Mike Conway wins IndyCar Long Beach Grand Prix

The first half of the 40th Toyota Grand Prix of Long Beach generally was a stately affair.

There were no major accidents, though Sebastien Bourdais slammed into the tire barriers twice, and Ryan Hunter-Reay maintained the lead with apparent ease.

Then the wheels came off, literally and figuratively.

Hunter-Reay sparked a multicar crash that knocked him and five others out, another crash ended Justin Wilson's day and Scott Dixon ran short of fuel while leading with only two laps left in the 80-lap race Sunday.

Mike Conway then inherited the lead and the British driver held on to win his second Long Beach Grand Prix. His first victory on the city's seaside streets came in 2011.

"I can't believe it," said Conway, who started 17th in the 23-car field. "I wasn't sure if Scott was going to pull in [for fuel]. You just have to push as hard as you can all the time."

Australian Will Power, who won the Verizon IndyCar Series' season opener in St. Petersburg, Fla., two weeks ago, finished second.

Rookie Carlos Munoz was third and Juan Pablo Montoya — making his first Long Beach start in 14 years after returning to IndyCar racing — finished fourth.

Conway, 30, is a part-time driver for the team owned by fellow IndyCar racer Ed Carpenter.

Conway formerly competed during the entire IndyCar season. But near the end of the 2012 season, while driving for A.J. Foyt Racing, Conway announced he was "not comfortable" racing anymore on high-speed ovals.

His decision came after Conway was in a spectacular crash in the 2010 Indianapolis 500. His car went airborne and into the grandstands catch fence, and Conway suffered a broken vertebra and multiple fractures to his left leg that required months of rehabilitation.

So Carpenter's team hired him this year to drive only on the series' twisty street and road courses, while Carpenter himself races on the ovals.

"It's great to repay them with a win this soon," Conway said. "I'm very thankful for the position I'm in."

Hunter-Reay won the Long Beach race in 2010 and the IndyCar title in 2012 for the Andretti Autosport team. He triggered Sunday's big wreck on lap 56 when he tried to pass Josef Newgarden, who had just exited the pits.

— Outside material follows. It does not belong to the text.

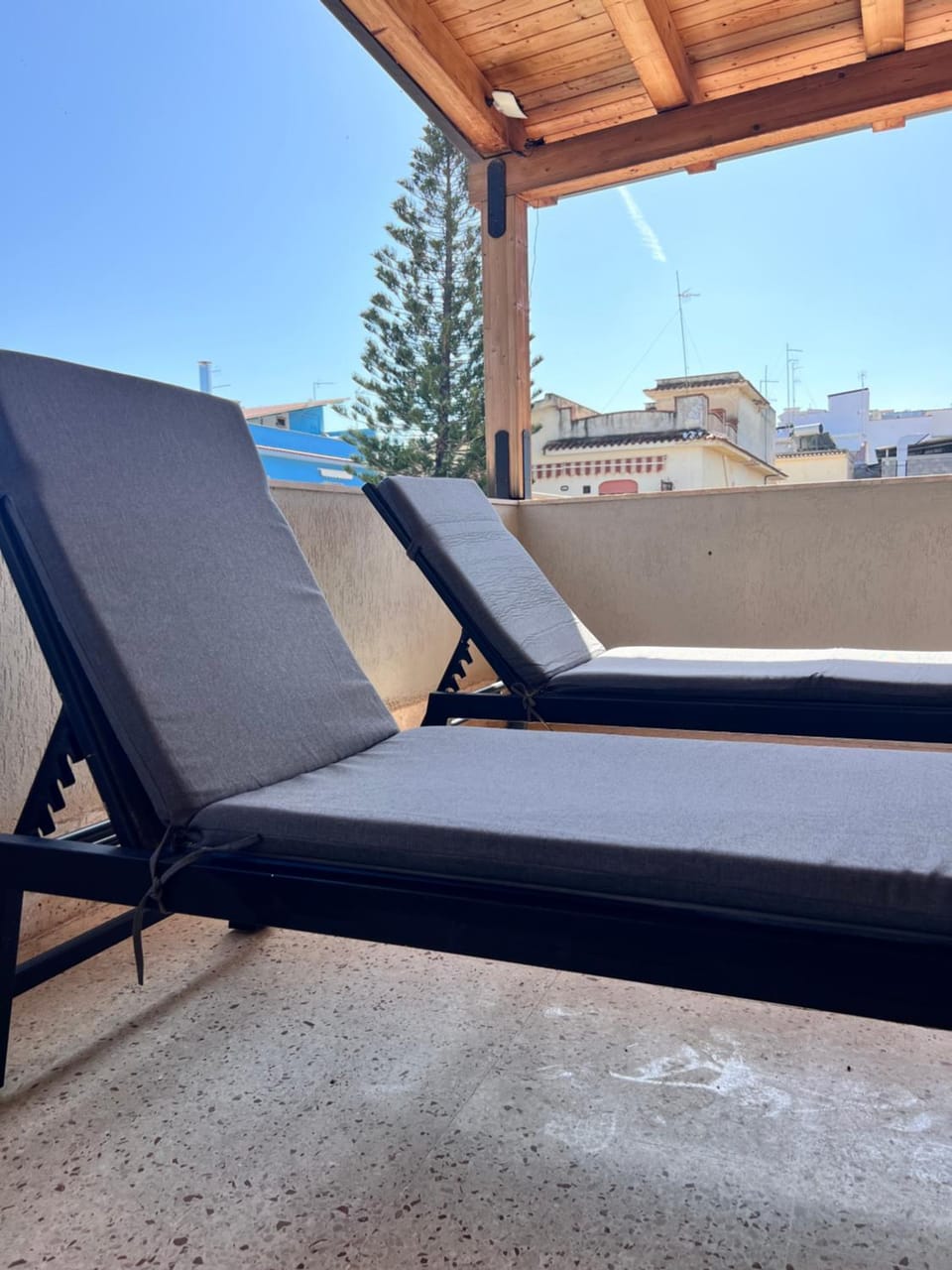 Balcony/Terrace, sunbed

As they entered Turn 4, a right-hander on the 11-turn course, Hunter-Reay moved to the inside but clipped Newgarden, causing both to crash.

They all but blocked the narrow turn, causing others to slam into them, including Hunter-Reay teammate James Hinchcliffe, Tony Kanaan, defending Long Beach winner Takuma Sato and rookie Jack Hawksworth.

But Conway, Power and Dixon were among those snaking through the wreckage. "You don't get those gifts often in racing, so I'll take it," Power said.

Hunter-Reay's daring move quickly was criticized, even in his own camp, with his team co-owner Michael Andretti saying, "You need to be a little more patient."

Newgarden drives for Sarah Fisher Hartman Racing, and Fisher said on Twitter, "It was our race to win and we got robbed by immaturity. Period."

Hunter-Reay, 33, was less than apologetic after finishing 20th in the 23-car field.

"I'll look at it again but a racing driver, when he's in the moment and he sees a chance to go for it — I went for it because I want to win the race," he said.

The wreck "got others that didn't deserve to be involved, and that's what I feel really bad about," Hunter-Reay added.

After the race restarted on lap 65, Dixon led but Wilson pulled alongside trying to pass. They also collided and Wilson crashed. Dixon finished 12th and Wilson was 16th.